Jewish man’s murder spurs warning of Latin America Islamist terror

Simon Wiesenthal Center tells president of Uruguay that murderer’s cry of ‘Allahu Akbar’ is harbinger of terrorism

David Fremd, center, was stabbed to death in a suspected anti-Semitic attack in Paysandu, Uruguay, on March 8, 2016. (Facebook)
David Fremd, center, was stabbed to death in a suspected anti-Semitic attack in Paysandu, Uruguay, on March 8, 2016. (Facebook)

The murder of a Jewish businessman in Uruguay marks the arrival of Islamist terrorism from the Middle East to Latin America, a Jewish group said.

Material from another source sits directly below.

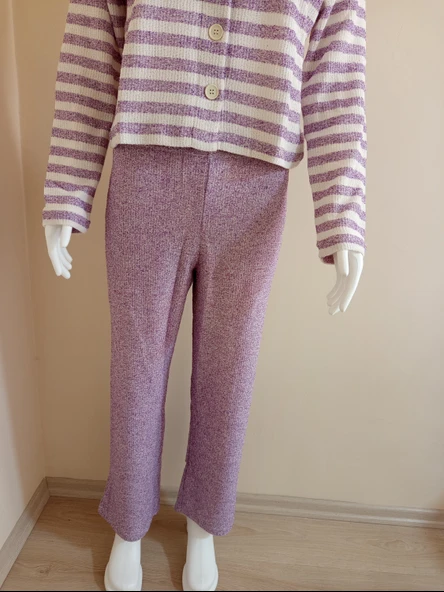 DOWRY LİLA CROP PİJAMA TAKIMI - Resim 3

“The murderer’s cry of ‘Allahu Akbar’ (God is Great) points to the transplantation of Islamist terrorism from the Middle East to Latin America,” Shimon Samuels, the director of international relations for the Simon Wiesenthal Center, said in a letter to Uruguay’s president, Tabare Vazquez.

Samuels also wrote: “From the knife to the bullet to the bomb is the terrorist route exposed by the assassinated AMIA Prosecutor, Alberto Nisman.” He added that “Gaza has no place in Uruguay.”

David Fremd, 55, was murdered in the small town of Paysandu on March 8. His alleged killer, an Uruguayan named Carlos Omar Peralta Lopez, 35, is under arrest. Lopez, who adopted the Islamic name of Abdullah Omar, told authorities the day after the murder, “I killed a Jew following Allah’s order,” according to El Observador newspaper.

On Saturday, a demonstration in memory of Fremd was held in Paysandu. France, through its embassy in Uruguay, condemned the attack, as did the Uruguayan Catholic Church.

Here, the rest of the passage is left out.